Let a=b so a^2 = ab or a^2-b^2 = ab-b^2 or (a+b)(a-b) = b(a-b) or a+b = b

now, putting the value of a, b+b=b or 2b=b or 2=1 :P But how??

Note by Shubham Sharma
3 years, 10 months ago

Sort by:

Since a-b=0, in the 4th step you have divided 0 by 0. In mathematics division by zero is meaningless.
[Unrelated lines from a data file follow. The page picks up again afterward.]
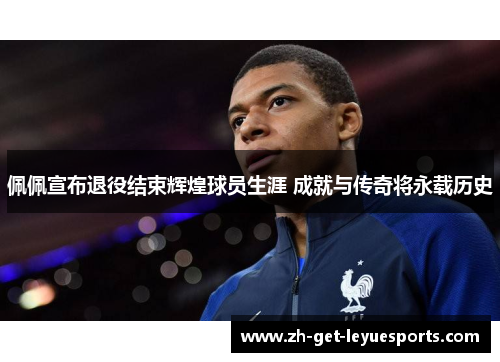 佩佩宣布退役结束辉煌球员生涯 成就与传奇将永载历史 佩佩宣布退役结束辉煌球员生涯 成就与传奇将永载历史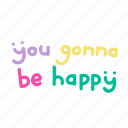 you gonna be happy, colorful, wish, word, hand written, lettering, calligraphy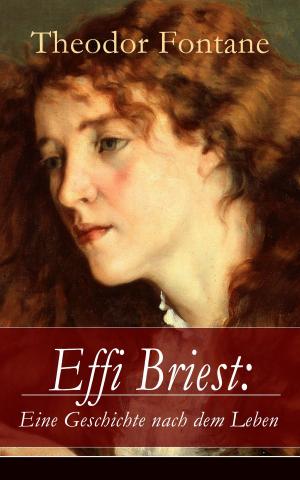 Cover of the book Effi Briest: Eine Geschichte nach dem Leben by Robert Louis Stevenson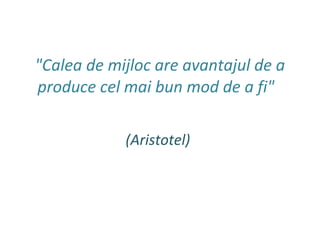"Calea de mijloc are avantajul de a produce cel mai bun mod de a fi"  (Aristotel) 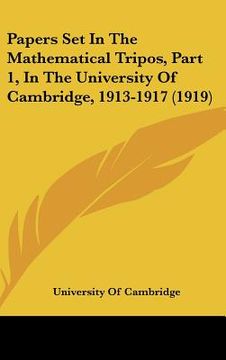 portada papers set in the mathematical tripos, part 1, in the university of cambridge, 1913-1917 (1919) (en Inglés)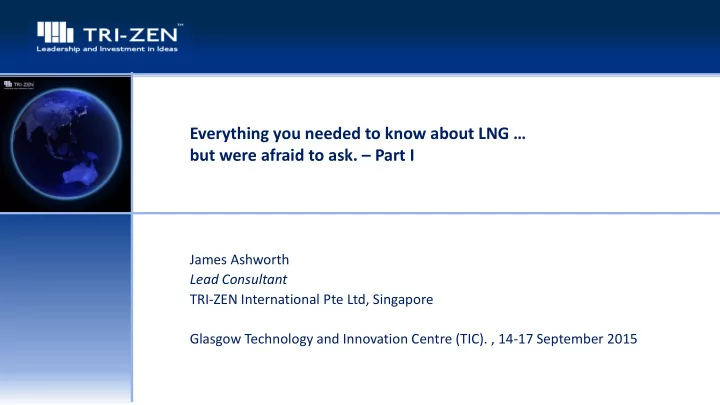everything you needed to know about lng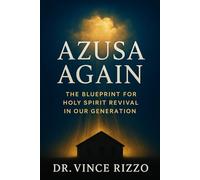 Azusa Again: The Blueprint for Holy Spirit Revival in Our Generation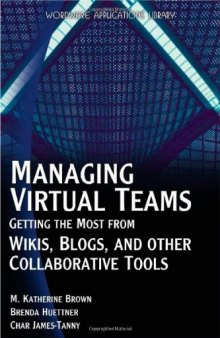 Managing Virtual Teams: Getting The Most From Wikis, Blogs, And Other Collaborative Tools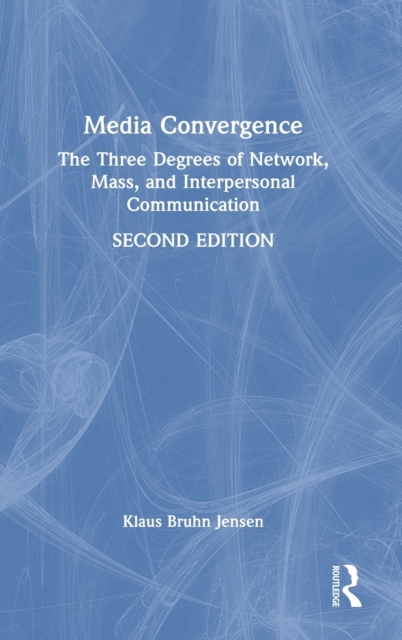 Media Convergence : The Three Degrees of Network, Mass, and Interpersonal Communication, Hardback Book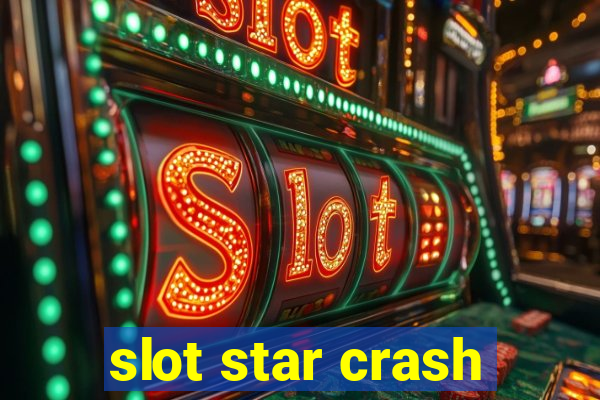 slot star crash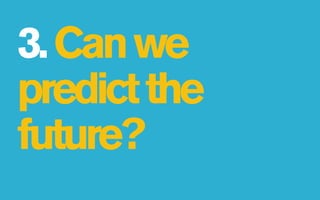 3. Can we
predict the
future?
Fallacy is an argument built on the base of poor reasoning. Your conclusion might be true or maybe not but it is still fallacious. · 3 years, 10 months ago

yeah, i also got it on wikipedia... · 3 years, 10 months ago

a=b means a-b=0, and division by 0 is meaningless. · 1 year, 8 months ago

You just can't cut (a-b) as 0/0 is indeterminate. · 2 years, 5 months ago

Instead of a=b, let's let a-b=k

$$a=b+k$$

$$a^2 = ab+ak$$

$$a^2-b^2 = ab+ak-b^2$$

$$(a+b)(a-b) = b(a-b)+ak$$

$$a+b=b+\frac{ak}{a-b}$$

You are saying that $$lim_{x \rightarrow 0} \frac{a \times x}{x} = 0$$, which causes this fallacy. · 3 years, 10 months ago

dude dats a bit hi-fi!! limit? dats out of range :D · 3 years, 10 months ago

We are seeing what happens if b is close to a, to determine what went wrong.

Likewise, you cannot evaluate $$\frac{x-4}{\sqrt{x}-2}$$ where x=4 directly by substitution, although it is possible to evaluate it. By substitution, we get $$\frac{0}{0}$$ which is kind of meaningless. · 3 years, 10 months ago

That's not meaningless. That is everything. What times 0 equals 0? is what that's asking. · 3 years ago

I agree that $$\frac{0}{0}$$ can be any number, but the fact that it reduces to $$\frac{0}{0}$$ says nothing more about the value an expression is unless we know that the $$0$$s mean. · 2 years, 5 months ago

yup.. · 3 years, 10 months ago

×